Cosa allora si spettavano i dirigenti italiani e  un po tutti: che anche in Germania la ragionevolezza  prendesse il sopravvento, che Hitler fosse messo da parte in qualche modo o magari si convincesse egli stesso  della assurdità di continuare una guerra chiaramente persa. In questa prospettiva un conflitto italo tedesco era impensabile: l’ Italia non cambiava campo ma prendeva  atto della sconfitta e metteva  l’alleato germanico nella condizione di dover fare ragionevolmente  altrettanto. Ma a guidare la Germania non c’era affatto una persona ragionevole: c’era un fanatico, un folle perduto dietro i miti sanguinosi dei Nibelunghi secondo il quale la Germania doveva vincere o perire

Hitler, a differenza di Mussolini aveva fatto piazza pulita di qualsiasi altra forza  possibile: in Italia c’era il re, la casta militare, la chiesa pure; in Germania  c’era solo e unicamente le organizzazione nazista su cui Hitler esercitava una autorità assoluta, a carattere religioso: era l’uomo che avrebbe guidato la Germania alla vittoria, a un impero che sarebbe durato mille anni. Le voci di dissenso erano state tutte spente: restavano soltanto i generali di cui Hitler  aveva bisogno che cercarono per moltissime volte di ucciderlo: ma gli attentati fallirono tutti per incredibile casi fortuiti e la cosa fu interpretata  dai nazisti come un segno del destino.

 Hitler quindi non aveva nessuna intenzione di cedere, volle continuare una guerra persa per ancora due anni nei quali poi ci furono la maggior parte delle perdite e delle rovine.
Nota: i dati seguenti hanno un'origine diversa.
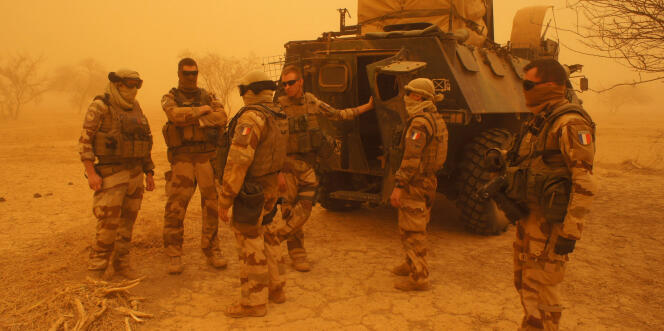 Des soldats de l’opération « Barkhane » à Inat, au Mali, en mai 2016.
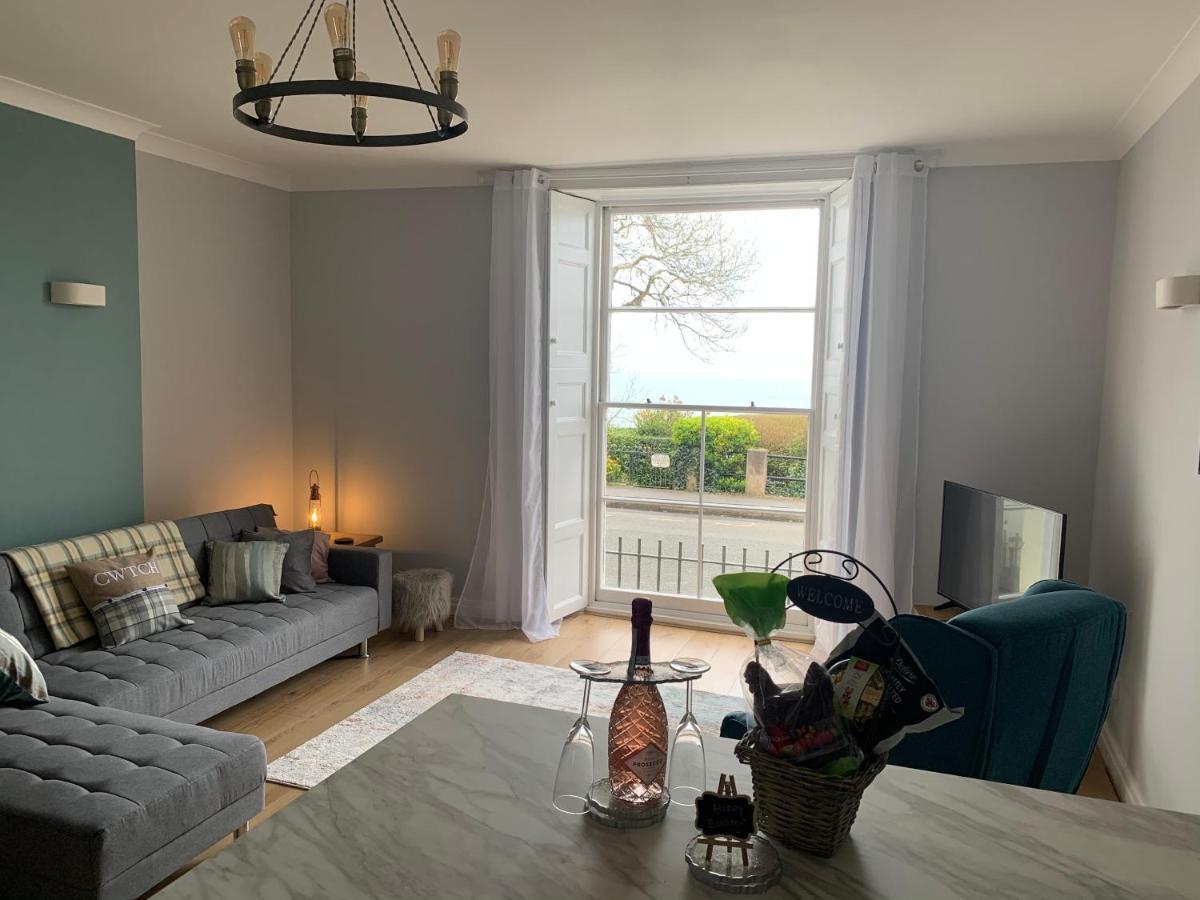 Beautiful Flat With Harbour Views Tenby Eksteriør billede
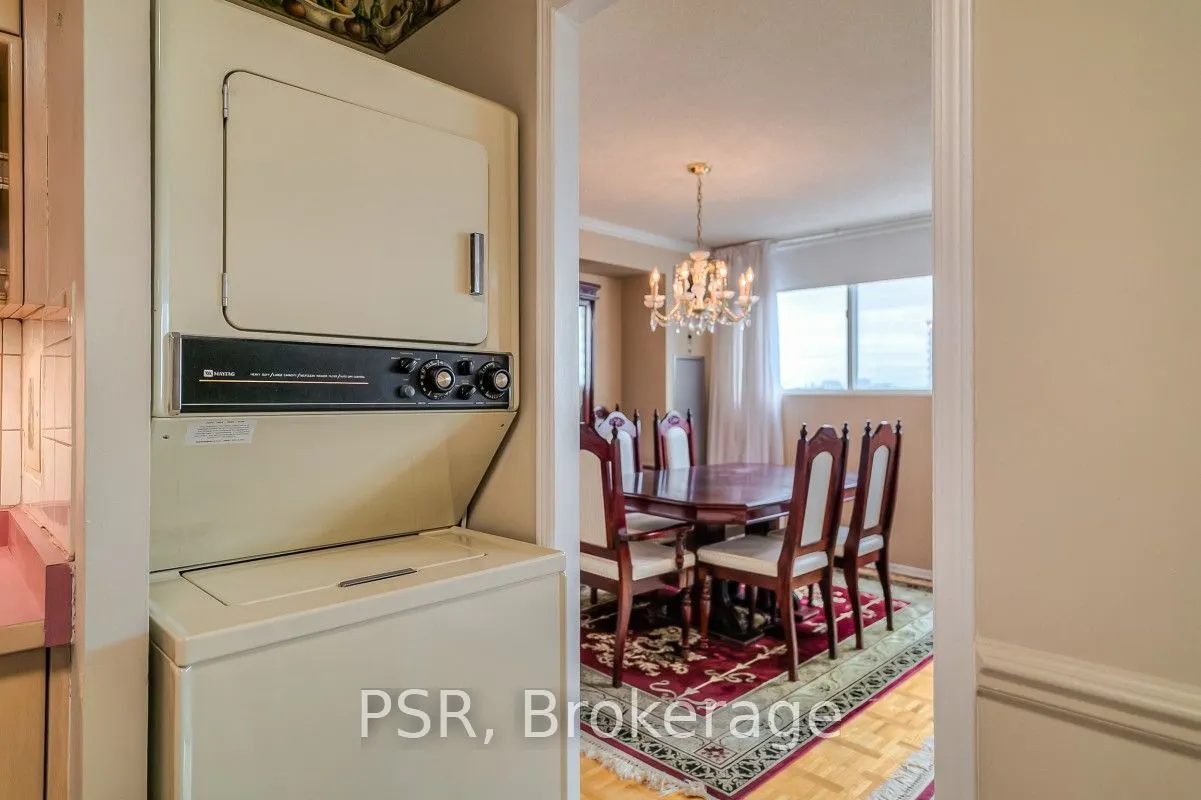 3695 Kaneff Crescent #612
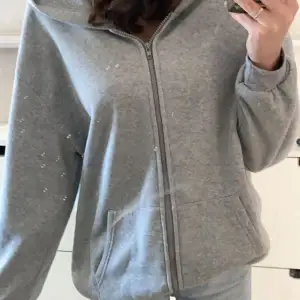 Grå zipup hoodie, oversized i storleken, mer som en S/M på mig.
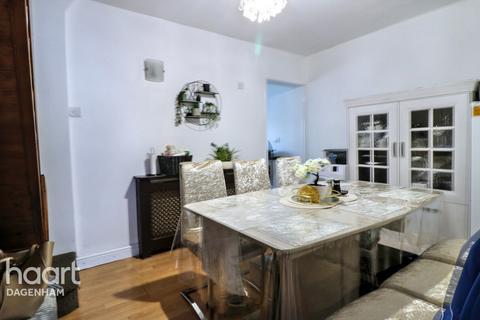 undefined, Second Avenue, Dagenham
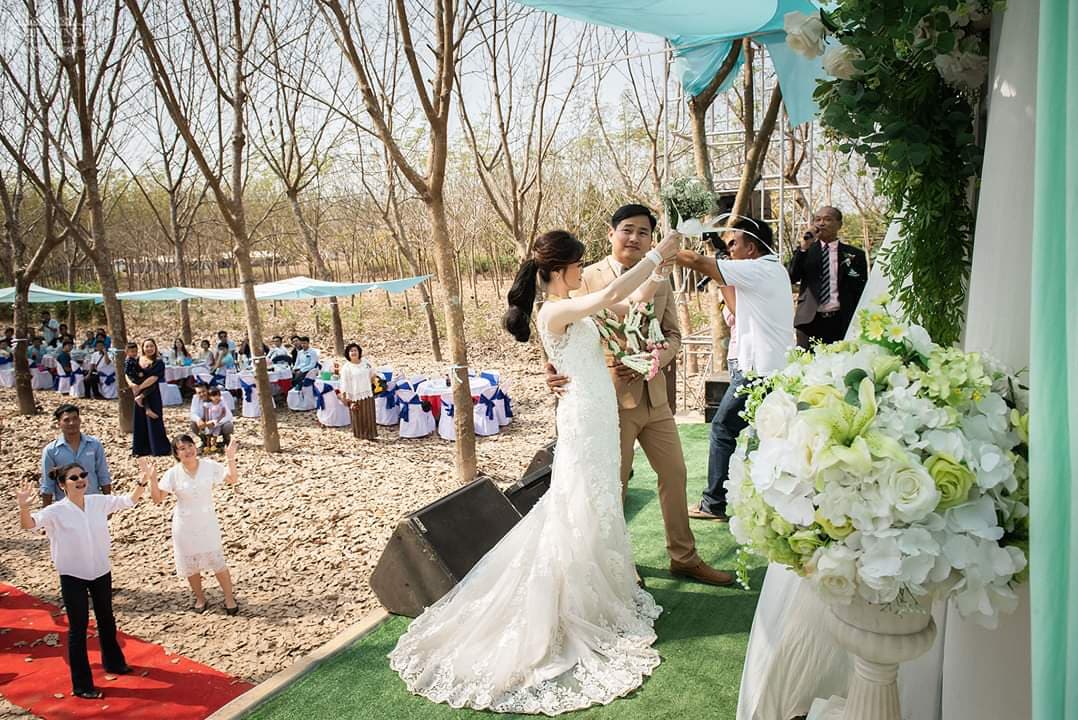 [FOTO] Pengantin Nekad Kahwin Dalam Kebun Getah, Netizen Pula Risau Benda Lain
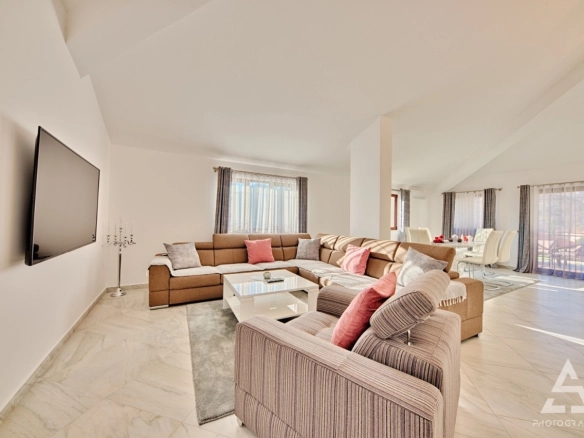 Kuća 180 m² – Zupci, Bar — fotografija 4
 L’esercito alleato  avanzava ormai senza aspettarsi grossi ostacoli: quando poi le truppe alleate che proprio in quel giorno stavano per sbarcare  a Salerno seppero dell’armistizio  furono presi da grande allegria sicuri ormai  che ad attenderli non c’era più un esercito  nemico ma popolazioni in festa per la fine della guerra. In realtà era una aspettativa assolutamente ragionevole: ma si trovarono invece un esercito tedesco che oppose una accanita resistenza, del tutto inaspettata. Resistenza  comunque inutile perché quando intervennero le forze  navali ed aeree di cui disponevano gli anglo americani i Tedeschi comunque furono costretti  a ritirarsi, come era inevitabile

La stesso avvenne poi a Cassino e alla  linea gotica cosi come nello sbarco in Normandia, nella controffensiva delle Ardenne  e in tutto il fronte orientale:  la resistenza germanica poteva rallentare l’avanzata ma non fermarla: milioni di vite sacrificate, lutti e rovine immense al di fuori di ogni ragionevolezza. Solo quando finalmente Hitler si suicidò, la inutile strage ebbe fine. Il crimine peggiore  di Hitler fu proprio di quello di aver sacrificato inutilmente il suo popolo e tutti quelli che avevano creduto in lui

L’8 settembre quindi nessuno si aspettava che i tedeschi avrebbero continuato una inutile guerra con tanto accanimento, ci si aspettava invece che la guerra in qualche modo finisse

Questo era l’orizzonte di attesa in cui si mossero i comandi italiani : non si giustifica in nessun modo le colpe gravissime di un governo e di generali che abbandonarono l’esercito nella massima confusione pensando ciascuno a se stesso: si comprende pero l’atmosfera di assoluta incertezza in cui gli avvenimenti si svolsero.